--- What you will do ---
Every record below must be returned word for word, with the pictures left out.

--- Data ---
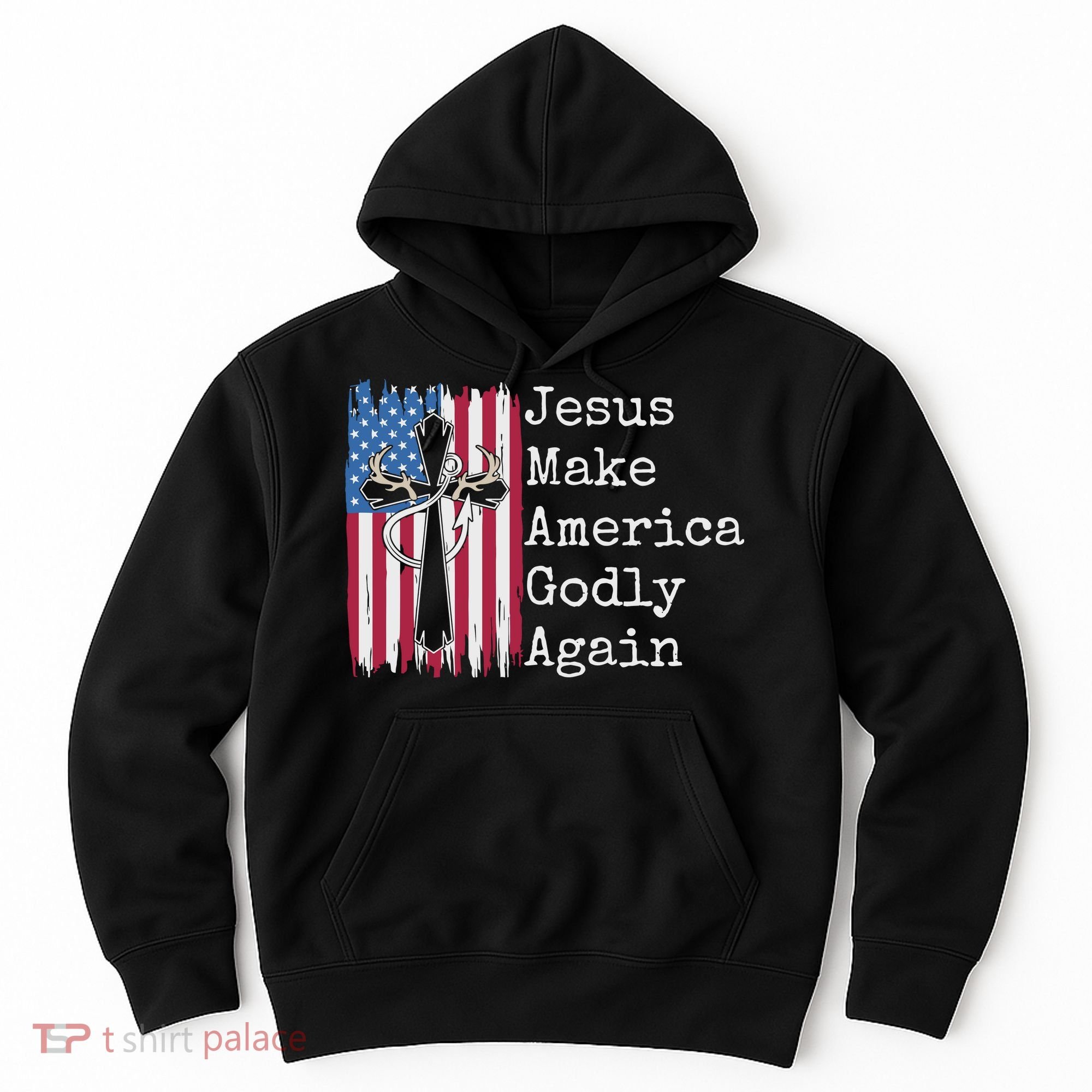 Jesus 2024 Vote Make America Godly Again Pray Again Hoodie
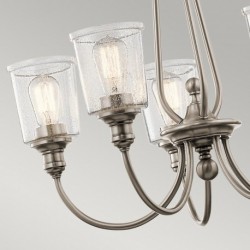 Lustre 5 lumières - Étain classique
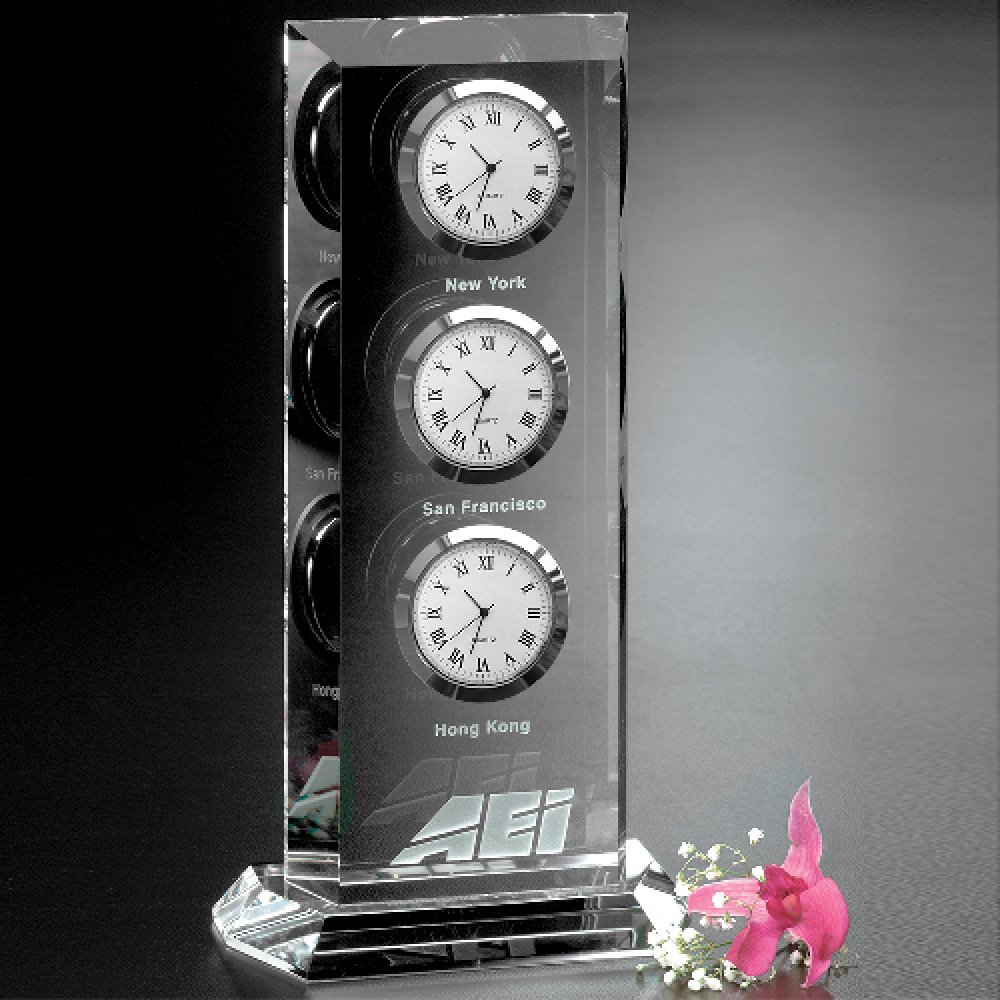Trilogy Clock — 4-1/2" W x 9" H x 2" D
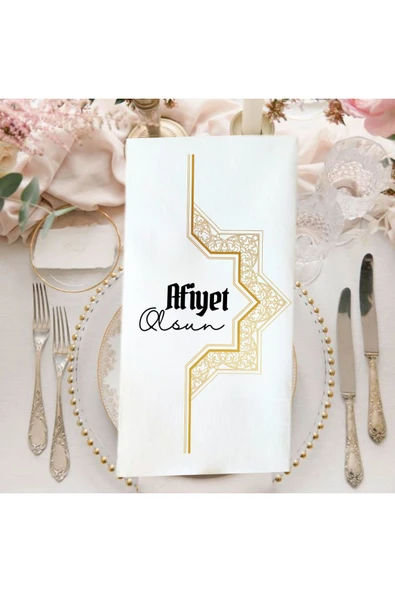 Lion Baskı ve Organizasyon  Afiyet olsun baskılı peçete 20 'li - Resim 2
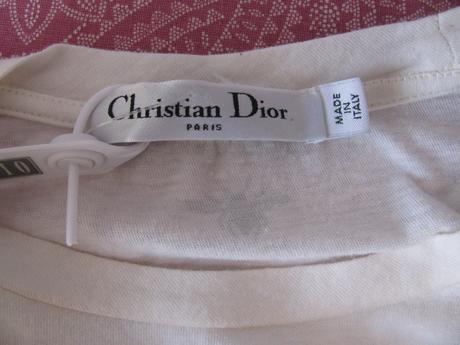 Bílé bavlněné dámské, dívčí tričko christian dior, m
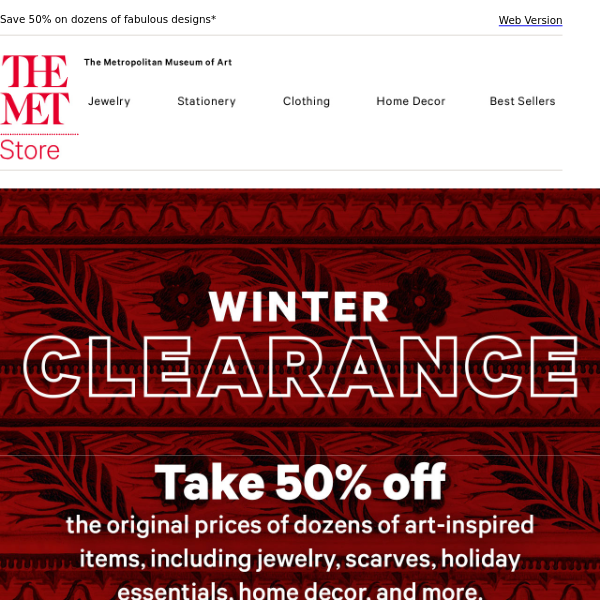 Winter Clearance Starts NOW!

--- Task response ---
 Jesus 2024 Vote Make America Godly Again Pray Again Hoodie
 Lustre 5 lumières - Étain classique
Trilogy Clock — 4-1/2" W x 9" H x 2" D
 Lion Baskı ve Organizasyon  Afiyet olsun baskılı peçete 20 'li - Resim 2
 Bílé bavlněné dámské, dívčí tričko christian dior, m
 Winter Clearance Starts NOW!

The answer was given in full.